I gathered a few quotations from Aycock I found in a 1912 biography, The Life and Speeches of Charles Brantley Aycock by  R. D. W. Connor and Clarence Hamiton Poe (Doubleday 1912). Connor and Poe were profound admirers of Aycock.
"[Aycock] believed that the only hope of good government in North Carolina and the other Southern States, rested upon the assured political supremacy of the white race" (p. 61).
Aycock was chosen to lead the Democratic party in 1900, which at the time wrote, "It will be well that the man who is to hold the leadership in the great argument, the appeal to the white men of North Carolina, shall come from the section [of the State -- eastern NC] wherein the curse and the blight of negro domination has been felt." (p. 76)
Aycock vigorously promoted an amendment to the state's constitution that year that aimed to eliminate voting rights for African Americans. Aycock said, "This amendment was drawn with great skill. It was drawn after long thought, and with full knowledge of the end to be attained. It was drawn with the deliberate purpose of depriving the negro of the right to vote, and of allowing every white man to retain that right." (p. 81) He called universal suffrage "a failure" (p. 82). Aycock said, "We recognize and provide for the God-given and hereditary superiority of the white man" (p. 84).
Aycock's biographers wrote, "He knew ... that the justice of taking the ballot from the negro was a good thing for the black man, and the justice of giving an adequate education to the negro was a good thing for the white man" (p. 153).
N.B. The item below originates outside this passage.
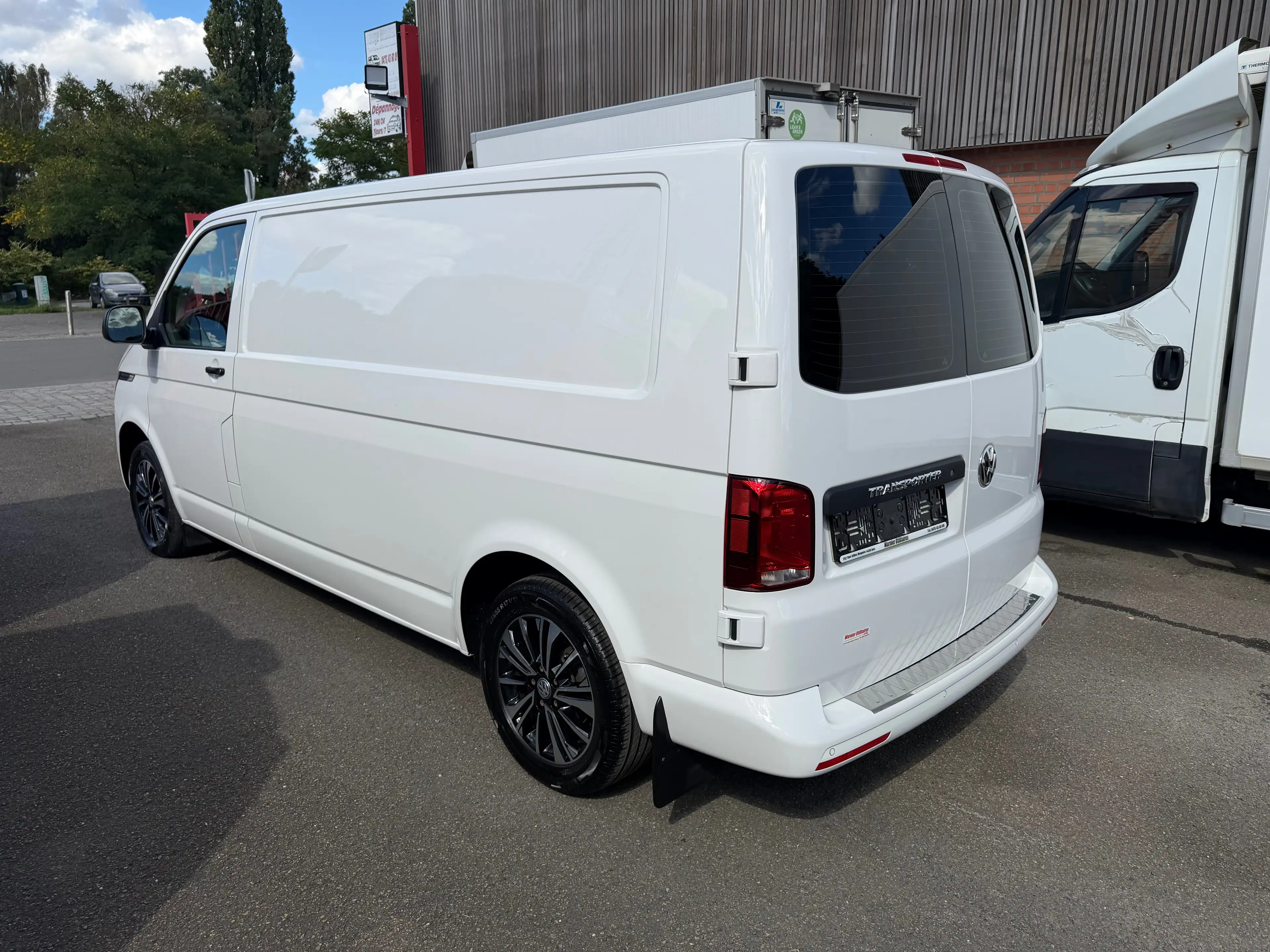 Volkswagen Transporter L2H1 — photo 5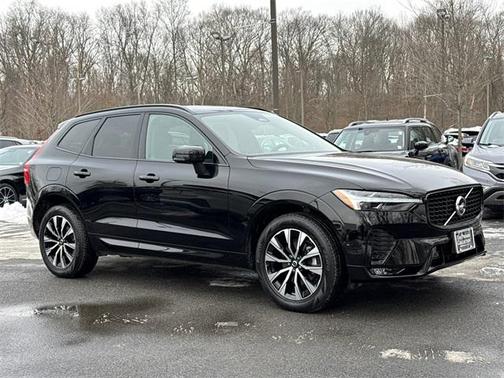 2025 Volvo XC60 B5 Plus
In a speech given in Connecticut, Aycock said, "Let the negro learn once for all that there is unending separation of the races, that the two peoples may develop side by side to the fullest but that they cannot intermingle ... There flows in my veins the blood of the dominant race that has conquered the earth and seeks out the mysteries of the heights and depths" ( pp. 162-3).
Charles Aycock and the Democratic party were successful in taking voting rights away from African Americans for many decades. But despite Aycock's vehement support for white supremacy, he also insisted when he was governor that public schools should be built for African Americans and that they should all have the opportunity for an education, and he made provisions that their schools should be publicly funded from the same source as white schools, although the schools for black students eventually received far less funding, and focused solely on vocational education (source: Prof. Chuck Bolton, UNCG Department of History, "Every Effort to Revise the Past Isn't Nefarious", Greensboro News & Record, Nov. 8, 2016). Under Aycock's administration many public schools were built in North Carolina, earning him the name "The Education Governor".

As far as I have been able to find out, Charles B. Aycock has no historical connection to our neighborhood apart from his name being given to the school in our already-existing neighborhood.